Trivium 'Silence in the Snow' - ALBUM REVIEW
Trivium 'Silence in the Snow' - ALBUM REVIEW

Trivium ‘Silence in the Snow’ – ALBUM REVIEW

This Trivium article was written by Amit Mohan, a GIGsoup contributor. Edited by Natalie Whitehouse

Trivium 'Silence in the Snow' - ALBUM REVIEWUS metallers Trivium are back with their seventh studio album ‘Silence in the Snow’. Having broken onto the scene with their critically acclaimed sophomore album ‘Ascendancy’ in 2005, Trivium have become one of the frontrunners in todays modern metal, having supported acts such as Metallica and Iron Maiden, as well as headlining second stage at Download Festival, and just this year headlining UK metalfest Bloodstock.

‘Silence in the Snow’ is the first Trivium album that uses fully clean vocals, a move which is sure to generate a new fan base as well as isolate a lot of older fans.
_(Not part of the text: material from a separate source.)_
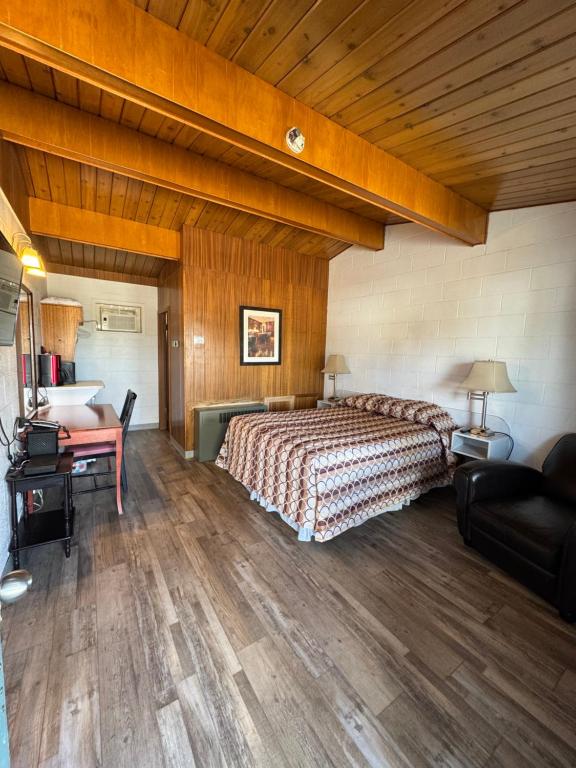 Postel nebo postele na pokoji v ubytování Ace Crown Motel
The album was inspired by the late Ronnie James Dio, after seeing Heaven and Hell live in 2007 when they were touring Japan. It was this performance that inspired lead singer Matt Heafy to want to be able to sing well.
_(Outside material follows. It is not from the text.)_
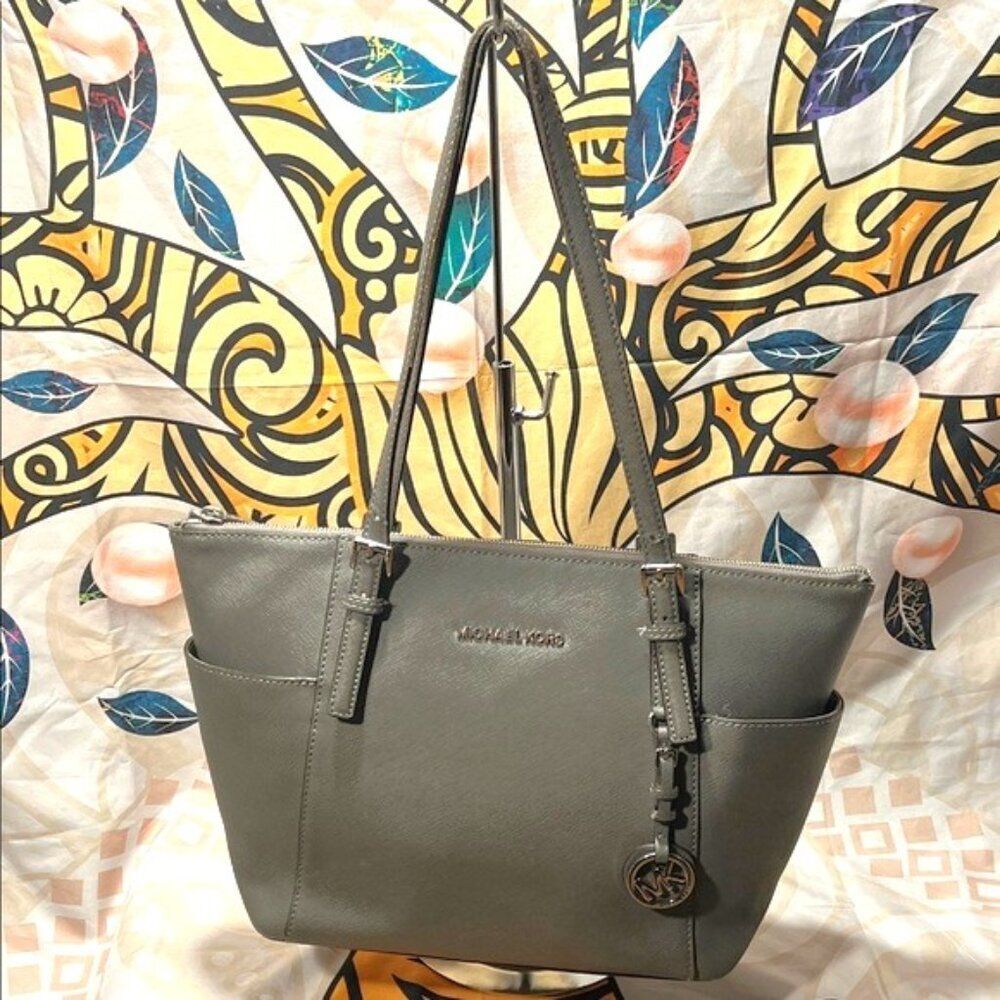 Michael Kors Charlotte Large Saffiano Leather Top-Zip Tote Bag.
Opening single ‘Silence in the Snow’ was written back in 2007, around the time they were recording their forth album ‘Shogun’. It is evident that it was written in this era, as the song brings back the 7-string guitar with an open chugging riff that is reminiscent of ‘Shogun’, albeit a lot simpler. The chorus of this song is very ‘power-metal’, overly catchy and simple, with the emphasis on Matt’s excellent vocal melodies.

The second track is ‘Blind Leading the Blind’. This song is the most familiar Trivium sound on the record, with the main guitar riff sounding like ‘Inception of the End’ from fifth album ‘In Waves’. One of the stronger songs on the album, this track encapsulates all of the Trivium sound, barre the screaming vocals.

‘Dead and Gone’ opens with a guitar-riff which could’ve been on an early Korn album. Using low-tuned guitars, this is a new sound for Trivium, and is the heaviest track on the album. It features a new higher pitched harsh-clean thrash style vocal from Matt.  

Fifth track ‘The Ghost That’s Haunting You’ is a very groovy track, with an open chug style riff over a hard rock drum beat. The chorus “what have I done, what have I become?” is beautifully sung by Matt. Five tracks in and it is clearly evident that Matt has stepped up his clean vocals.

The pace slows down with ‘Pull Me from the Void’. It contains an opening riff which is sounds like an ode to Iron Maiden, with a very 80’s metal vibe. The slow-pace continues with the next track ‘Until The World Goes Cold’, a track they released as a single and was welcomed with a very mixed review. The track is very simple by Trivium’s standards, with an open chug guitar and generic rock drums. The focus on this track is melody, it is a song written to get radio-play, and it will, yet it is one of the weakest tracks on the album.

It doesn’t stop there; next track ‘Rise Above The Tides’ is easily forgettable. Where there are some highlights and catchy moments in other parts of the album, there is nothing that makes this track memorable or stand out at all. Generic double bass drums, boring riffs and a simple melodic chorus. Even the solo section is pretty weak on this one, a definite ‘filler’ track.

The pace slightly picks up again with ‘The Thing That’s Killing Me’, it starts off promising with a Machine Head style guitar opening riff, with an 80’s metal guitar melody. But directly after the intro, the pace slows down again as soon as the vocals hit, very anti-climactic. From what started promising, ends badly. The chorus is sung well, but it is just the song title sung over and over again. The guitar solo section in this song is much better, which is the highlight of this track.

The next track, ’Beneath The Sun’, has a slower but interesting introduction, starting off with just guitars, then a slow haunting melodic vocal from Matt reminiscent of ‘Shogun’. Again, an interesting introduction, but the next part sounds like something you would hear on a ‘Disturbed’ album, with standard double bass and chugging guitars with a vocal pattern similar to ‘David Draiman’.

The final track ‘Breath in the Flames’ is definitely a highlight of this album. It starts with a clean-guitar, and goes into a Shogun-esque riff. A great build up from a slow start, to double bass and chugging guitar riffs. It then drops it down with a very ‘thrash-metal’ section, similar to ‘Detonation’ from their album ‘The Crusade’. This track showcases some of Matt’s higher-pitched vocals in the pre-chorus, with some nice harmonies that perfectly fit into the track.

Overall, this album is a huge disappointment. The main problem is that most of the tracks start with potential, but the substance is just not there. Trivium are known for their complex song-writing, amazing guitar work and varied vocals. The lack of ‘screaming vocals’ is a shame, but it is not the main criticism.  The guitar work is simple, and the drumming is boring and safe.

‘Silence in the Snow’ is a watered down version of what Trivium are capable of, compromising complex song-writing for a more accessible sound. It will surely bring in a new fan-base, but in return it will isolate existing fans who got them where they are in the first place.

‘Silence in the Snow’ is out now via Roadrunner Records.